Ab Oktober 2017 wurde ein „Diamanten-Jahr“ gefeiert: „Antwerpen – 570 Jahre Diamanten-Hauptstadt“. Der Anlass dafür wurde nur nebenbei erwähnt. Ein Verkaufsverbot für falsche Edelsteine aus dem Jahr 1447, das unlängst im Stadtarchiv unter „Insolvente Boedels“ gefunden wurde, ist vielleicht nicht so werbewirksam. Lieber wurde an das „Goldene Zeitalter“ erinnert, als aus Indien die ersten Diamanten an die Schelde kamen.
Höhepunkt und Abschluss des recht kurzen Jubeljahrs war Anfang Mai die Eröffnungsparty für Diva: 57 Stunden lang, eine Stunde für jede Facette eines Brillanten. Seit dem Umzug des Ethnografischen Museums in den Mas-Turm hatten gleich hinter dem Rathaus, weit weg vom Diamantenviertel, zwei stattliche Gebäude aus dem 15. Jahrhundert leergestanden. Sie wurden von der Provinz Antwerpen für 20 Millionen Euro gekauft und umgebaut. Das neue „Diamantenmuseum mit einem Herz für Silber“ vereint jetzt eine Vorgänger-Sammlung, die 2012 am Astridplein geschlossen wurde, und das ehemalige Silbermuseum, das bis 2014 in Schloss Sterckshof zu sehen war.
„Wir haben nicht die größten Diamanten der Welt, nicht die bekanntesten Juwelen – dafür muss man nach London gehen“, sagt Diva-Direktor Jeroen Martens. „Aber wir haben einige der interessantesten Geschichten zu erzählen. Wir wollten eine vielschichtige, menschliche Erfahrung für ein sehr breites Publikum schaffen, nicht nur für Kulturliebhaber oder Spezialisten.“ Auf zwei Stockwerken mit 550 Quadratmetern präsentiert Diva nun rund 600 ausgesucht schöne Objekte.

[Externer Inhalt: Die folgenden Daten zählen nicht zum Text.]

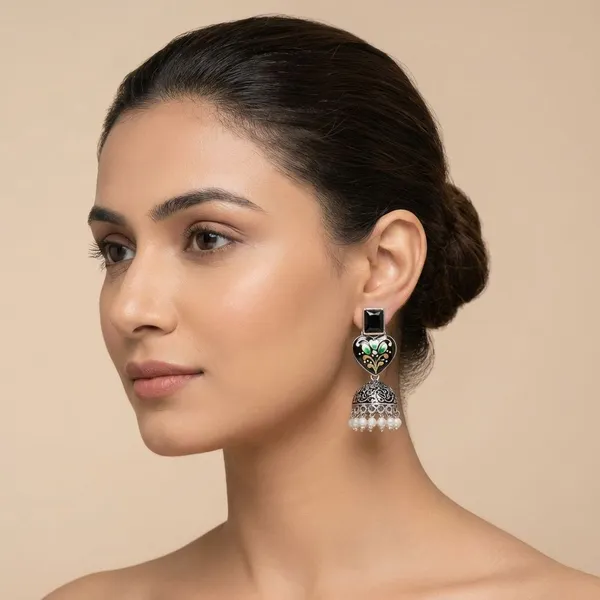 Hand_Painted_Monalisa_Stone_Top_With_Silver_Replica_Jhumki_Earring_For_Women_&_Girls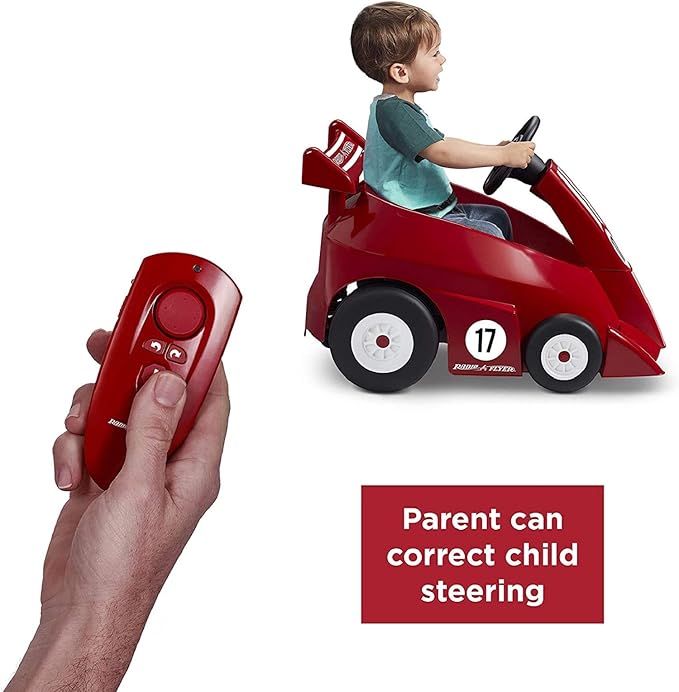 Radio Flyer Grow with Me Racer, Kids Battery Powered and Remote Control Ride On Toy, Red Toddler Ride On Toy for Ages 1.5-4 Years, Large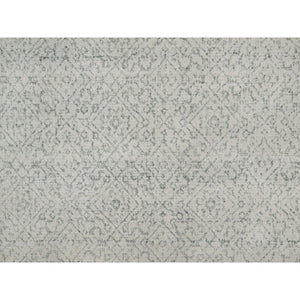8'2"x10'2" Alabaster White, Hand Woven, Flat Weave With Textured Pile, Undyed Natural Wool, Oriental Rug FWR550296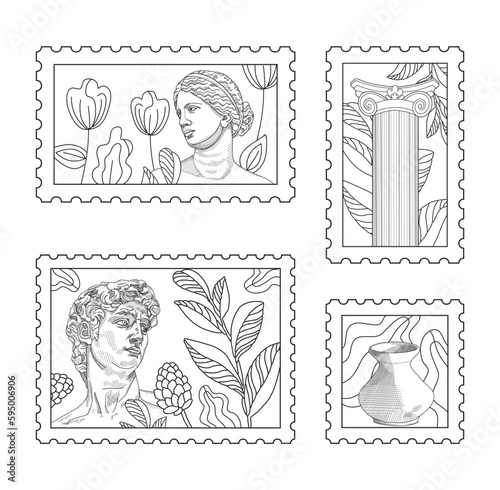 Ancient Greece Coloring page. Hand illustrations, plaster antique statues, Corinthian column, pillar. Drawings for poster. Beautiful drawing with patterns and small details. Coloring book picture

Durch das Haus führt Audio-Butler Jérome, den Frank Van Laecke geschaffen hat. Der Regisseur, den Wikipedia „Gottvater des flämischen Musicals“ nennt, hat auch Kurzgeschichten verfasst, die Exponate zum Beispiel mit dem Leben eines jüdischen Händlers im 16. Jahrhundert oder einer Kurtisane verknüpfen. Zu hören sind sie auf Holländisch, Französisch und Englisch; weitere Sprachen sind noch in Vorbereitung. Texte gibt es in der Ausstellung kaum. Wer mehr zu Highlights wie dem „Eulenbecher“ oder der „Pfauenbrosche“ wissen will, kann ausführlicher im Internet nachlesen.

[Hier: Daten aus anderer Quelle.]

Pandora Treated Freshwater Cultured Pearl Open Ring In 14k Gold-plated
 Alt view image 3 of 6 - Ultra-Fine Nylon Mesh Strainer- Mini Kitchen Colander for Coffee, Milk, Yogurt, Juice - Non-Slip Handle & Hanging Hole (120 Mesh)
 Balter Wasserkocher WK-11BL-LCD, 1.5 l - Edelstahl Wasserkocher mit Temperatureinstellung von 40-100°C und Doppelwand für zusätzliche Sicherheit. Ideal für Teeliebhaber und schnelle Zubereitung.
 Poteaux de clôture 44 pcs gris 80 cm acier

Den ersten Raum hat der Designer Gert Voorjans als „Wunderkammer“ mit Preziosen, Kuriosa und Exotika gefüllt. Die übrigen fünf Säle hat die Bühnenbildnerin Carla Janssen-Höfelt inszeniert: Das „Atelier“ informiert zu edlen Materialien und ihrer Verarbeitung. Im „Handelsraum“ ist zu erfahren, dass Diamanten heute meist aus Afrika oder Kanada kommen. Themen wie Belgisch-Kongo, Sklaverei oder Kriege werden dabei nur sehr dezent angesprochen. Im „Speisesaal“ funkelt Silbergeschirr. Im „Tresor“ wird versichert, in Antwerpen müsse man sich keine Sorgen oder Hoffnungen über Geldwäsche, Blut- oder Fake-Diamanten machen. Zum Schluss ist ein „Boudoir“ im Art-Déco-Stil zu entdecken.

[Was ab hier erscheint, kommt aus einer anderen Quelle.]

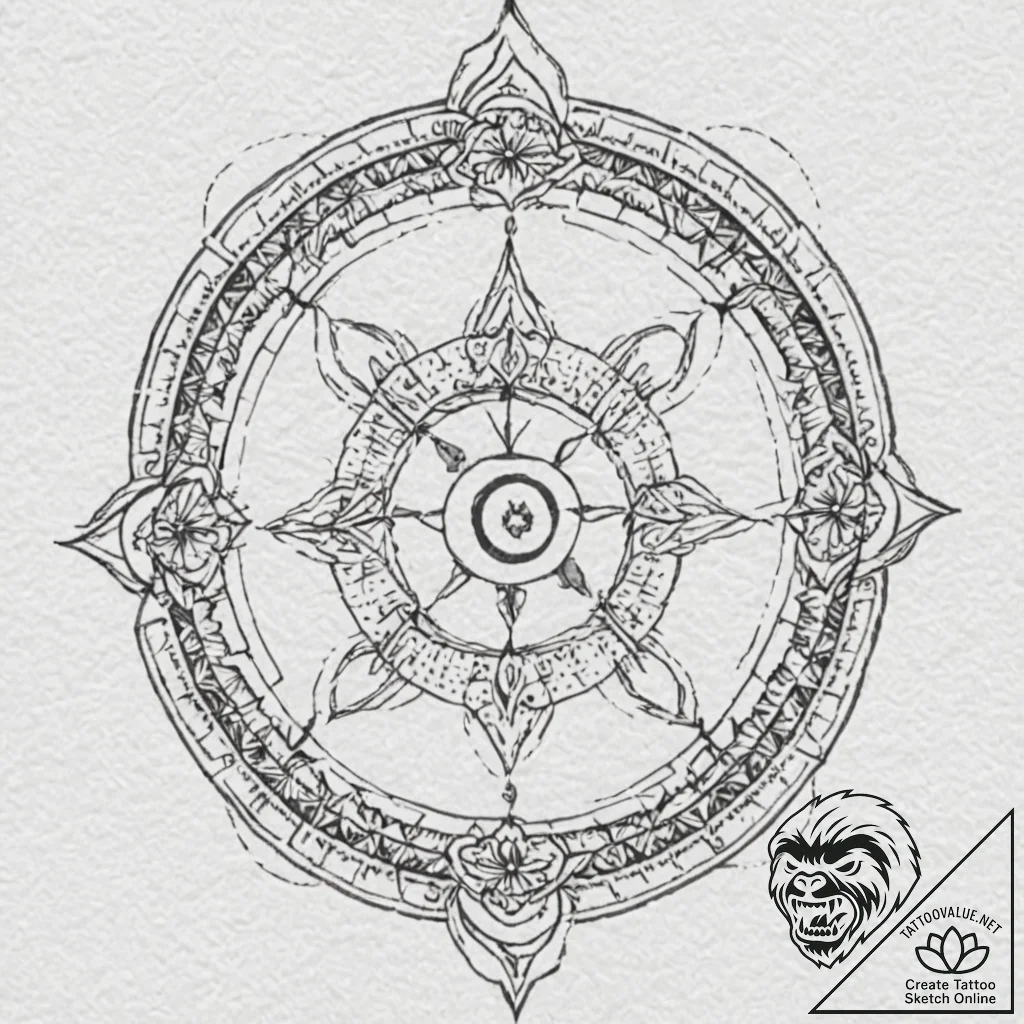 Tattoo design, meditating odin, runes flying... - tattoo sketch (№1751543197_0, 03.07.2025 11:46) — tattoovalue.net
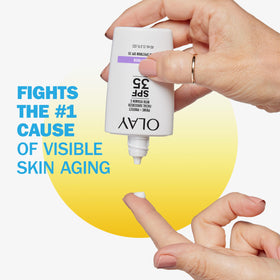 Olay creamy texture swatch showing lightweight, matte finish and quick absorption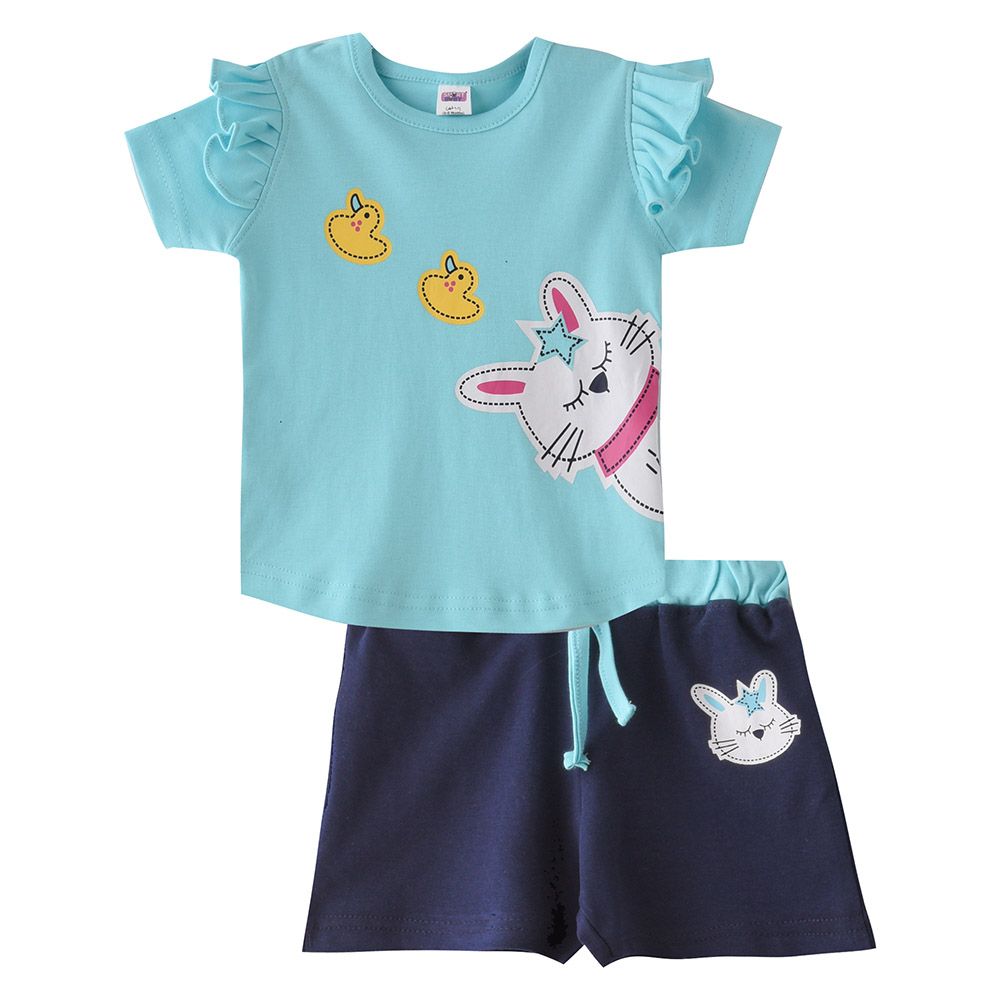 Smart Baby - 2pc-Set - Half Sleeve T-Shirt w/ Bermuda Shorts - Sky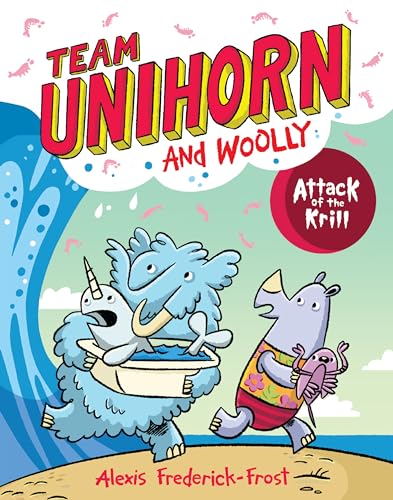 Unicorn, mammoth, and rhino characters on a colorful book cover.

Außer der Dauerausstellung sind ein Museumsshop und ein Juwelierladen bereits geöffnet; sie sollen besonders für Nachwuchsdesigner eine Plattform sein. Ab 9. Juli werden Kunstschmiede-Workshops angeboten, auch für Anfänger. Eine große Spezialbibliothek, Forschungsabteilung, Konservierungslabor und Restaurierungswerkstatt sollen ab Herbst zugänglich sein. Als „Wissenszentrum“ hat Diva den „ehrgeizigen Plan, auf dem Gebiet der Diamanten, Juwelen und Edelschmiedekunst eine Autorität in Flandern und den Beneluxländern zu werden“. Diva wird die Kreativindustrie in Antwerpen inspirieren, hoffen Stadt, Provinz und Edelsteinhändler. Sie planen jetzt sogar, das triste Diamantenviertel „etwas aufzupolieren“. Vorerst wird dabei an eher preiswerte Graffiti gedacht.